[Extracted data entries]
....................

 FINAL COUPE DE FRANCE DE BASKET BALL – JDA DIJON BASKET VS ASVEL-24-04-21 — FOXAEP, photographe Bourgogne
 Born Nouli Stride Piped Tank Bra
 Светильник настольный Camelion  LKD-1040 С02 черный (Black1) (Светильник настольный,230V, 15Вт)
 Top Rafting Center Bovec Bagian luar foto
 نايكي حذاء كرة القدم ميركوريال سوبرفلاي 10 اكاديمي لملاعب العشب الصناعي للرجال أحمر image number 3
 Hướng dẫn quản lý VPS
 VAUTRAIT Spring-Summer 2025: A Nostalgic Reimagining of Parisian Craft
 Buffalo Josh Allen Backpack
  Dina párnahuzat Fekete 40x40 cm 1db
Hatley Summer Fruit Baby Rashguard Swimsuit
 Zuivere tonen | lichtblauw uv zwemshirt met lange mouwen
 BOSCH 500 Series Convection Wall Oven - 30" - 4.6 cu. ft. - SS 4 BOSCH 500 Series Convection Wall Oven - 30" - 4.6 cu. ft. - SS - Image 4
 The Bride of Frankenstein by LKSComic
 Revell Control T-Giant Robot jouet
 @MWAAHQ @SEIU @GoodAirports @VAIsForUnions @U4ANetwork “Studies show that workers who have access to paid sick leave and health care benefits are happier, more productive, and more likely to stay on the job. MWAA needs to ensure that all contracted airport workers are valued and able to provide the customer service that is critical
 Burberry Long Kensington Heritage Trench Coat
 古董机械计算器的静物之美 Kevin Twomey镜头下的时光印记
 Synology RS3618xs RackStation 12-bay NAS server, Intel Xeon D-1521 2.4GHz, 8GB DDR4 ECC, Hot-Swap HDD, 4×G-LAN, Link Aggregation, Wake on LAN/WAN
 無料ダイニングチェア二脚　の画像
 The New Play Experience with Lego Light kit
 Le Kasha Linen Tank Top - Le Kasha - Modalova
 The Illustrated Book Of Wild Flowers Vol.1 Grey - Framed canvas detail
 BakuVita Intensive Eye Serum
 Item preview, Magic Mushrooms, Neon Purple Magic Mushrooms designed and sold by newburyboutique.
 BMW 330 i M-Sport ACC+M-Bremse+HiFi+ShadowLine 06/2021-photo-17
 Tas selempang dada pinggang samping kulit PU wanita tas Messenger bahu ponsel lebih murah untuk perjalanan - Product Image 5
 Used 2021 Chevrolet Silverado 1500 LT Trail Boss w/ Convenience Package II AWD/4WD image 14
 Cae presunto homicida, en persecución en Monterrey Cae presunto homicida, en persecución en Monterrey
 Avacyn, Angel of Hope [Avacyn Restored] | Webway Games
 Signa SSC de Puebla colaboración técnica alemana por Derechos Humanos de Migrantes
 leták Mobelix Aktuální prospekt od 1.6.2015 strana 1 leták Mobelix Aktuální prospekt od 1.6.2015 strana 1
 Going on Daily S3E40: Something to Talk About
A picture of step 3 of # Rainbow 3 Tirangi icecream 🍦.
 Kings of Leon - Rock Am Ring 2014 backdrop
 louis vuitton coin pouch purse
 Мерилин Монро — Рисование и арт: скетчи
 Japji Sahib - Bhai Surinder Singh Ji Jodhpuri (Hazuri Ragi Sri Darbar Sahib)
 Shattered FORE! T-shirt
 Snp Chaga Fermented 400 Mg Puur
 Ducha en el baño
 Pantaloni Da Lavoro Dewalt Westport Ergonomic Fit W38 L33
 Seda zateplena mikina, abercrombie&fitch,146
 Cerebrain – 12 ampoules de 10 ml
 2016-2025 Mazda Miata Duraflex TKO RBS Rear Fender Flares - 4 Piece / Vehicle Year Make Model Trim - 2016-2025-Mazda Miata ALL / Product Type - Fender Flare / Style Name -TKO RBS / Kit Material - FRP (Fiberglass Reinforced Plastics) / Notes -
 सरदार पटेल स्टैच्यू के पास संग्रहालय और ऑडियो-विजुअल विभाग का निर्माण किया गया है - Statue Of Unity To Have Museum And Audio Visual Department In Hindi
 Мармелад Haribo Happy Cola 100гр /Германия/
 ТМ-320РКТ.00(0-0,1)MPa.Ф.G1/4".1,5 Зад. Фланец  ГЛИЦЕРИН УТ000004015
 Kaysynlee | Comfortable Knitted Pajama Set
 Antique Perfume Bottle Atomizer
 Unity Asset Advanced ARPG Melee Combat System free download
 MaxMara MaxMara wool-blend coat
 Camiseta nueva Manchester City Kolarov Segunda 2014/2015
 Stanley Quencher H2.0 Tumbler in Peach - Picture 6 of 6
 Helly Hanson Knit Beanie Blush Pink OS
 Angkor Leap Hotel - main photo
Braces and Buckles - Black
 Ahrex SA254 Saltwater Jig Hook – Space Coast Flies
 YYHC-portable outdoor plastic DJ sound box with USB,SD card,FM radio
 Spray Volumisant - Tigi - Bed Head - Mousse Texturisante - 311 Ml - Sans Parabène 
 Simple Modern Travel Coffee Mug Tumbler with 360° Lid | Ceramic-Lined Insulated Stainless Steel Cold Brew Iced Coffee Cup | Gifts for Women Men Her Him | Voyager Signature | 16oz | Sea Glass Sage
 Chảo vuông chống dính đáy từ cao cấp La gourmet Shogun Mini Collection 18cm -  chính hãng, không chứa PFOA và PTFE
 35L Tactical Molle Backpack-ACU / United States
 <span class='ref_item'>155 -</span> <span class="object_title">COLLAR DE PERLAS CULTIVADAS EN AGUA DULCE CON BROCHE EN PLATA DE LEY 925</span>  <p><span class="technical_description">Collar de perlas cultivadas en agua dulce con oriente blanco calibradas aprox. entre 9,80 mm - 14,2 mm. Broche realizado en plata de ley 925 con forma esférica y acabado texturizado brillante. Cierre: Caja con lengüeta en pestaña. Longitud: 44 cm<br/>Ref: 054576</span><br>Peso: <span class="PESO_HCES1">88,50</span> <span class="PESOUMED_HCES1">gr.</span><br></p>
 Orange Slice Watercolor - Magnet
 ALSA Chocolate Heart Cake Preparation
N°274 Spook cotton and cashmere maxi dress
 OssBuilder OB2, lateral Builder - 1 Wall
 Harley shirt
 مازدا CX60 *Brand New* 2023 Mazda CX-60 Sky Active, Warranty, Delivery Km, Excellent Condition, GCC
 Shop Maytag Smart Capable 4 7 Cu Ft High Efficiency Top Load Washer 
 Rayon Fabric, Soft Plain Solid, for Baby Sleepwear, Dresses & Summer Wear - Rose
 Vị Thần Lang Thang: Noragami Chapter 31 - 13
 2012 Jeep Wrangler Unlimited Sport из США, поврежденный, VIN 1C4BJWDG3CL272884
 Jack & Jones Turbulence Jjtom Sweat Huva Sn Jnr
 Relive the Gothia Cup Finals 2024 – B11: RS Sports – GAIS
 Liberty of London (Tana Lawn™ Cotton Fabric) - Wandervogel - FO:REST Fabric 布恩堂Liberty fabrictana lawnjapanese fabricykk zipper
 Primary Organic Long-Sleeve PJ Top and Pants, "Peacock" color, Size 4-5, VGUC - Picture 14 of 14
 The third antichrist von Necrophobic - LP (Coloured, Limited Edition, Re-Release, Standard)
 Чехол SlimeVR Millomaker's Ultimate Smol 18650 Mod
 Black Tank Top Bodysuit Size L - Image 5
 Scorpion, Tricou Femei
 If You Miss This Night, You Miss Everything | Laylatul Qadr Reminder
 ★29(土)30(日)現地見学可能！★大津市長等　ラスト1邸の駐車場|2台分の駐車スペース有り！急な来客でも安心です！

....................

● What is needed
Copying word for word, give each line of the data above from the first one through the line containing "SS - Image 4", and nothing else.

● Your solution
 FINAL COUPE DE FRANCE DE BASKET BALL – JDA DIJON BASKET VS ASVEL-24-04-21 — FOXAEP, photographe Bourgogne
 Born Nouli Stride Piped Tank Bra
 Светильник настольный Camelion  LKD-1040 С02 черный (Black1) (Светильник настольный,230V, 15Вт)
 Top Rafting Center Bovec Bagian luar foto
 نايكي حذاء كرة القدم ميركوريال سوبرفلاي 10 اكاديمي لملاعب العشب الصناعي للرجال أحمر image number 3
 Hướng dẫn quản lý VPS
 VAUTRAIT Spring-Summer 2025: A Nostalgic Reimagining of Parisian Craft
 Buffalo Josh Allen Backpack
  Dina párnahuzat Fekete 40x40 cm 1db
Hatley Summer Fruit Baby Rashguard Swimsuit
 Zuivere tonen | lichtblauw uv zwemshirt met lange mouwen
 BOSCH 500 Series Convection Wall Oven - 30" - 4.6 cu. ft. - SS 4 BOSCH 500 Series Convection Wall Oven - 30" - 4.6 cu. ft. - SS - Image 4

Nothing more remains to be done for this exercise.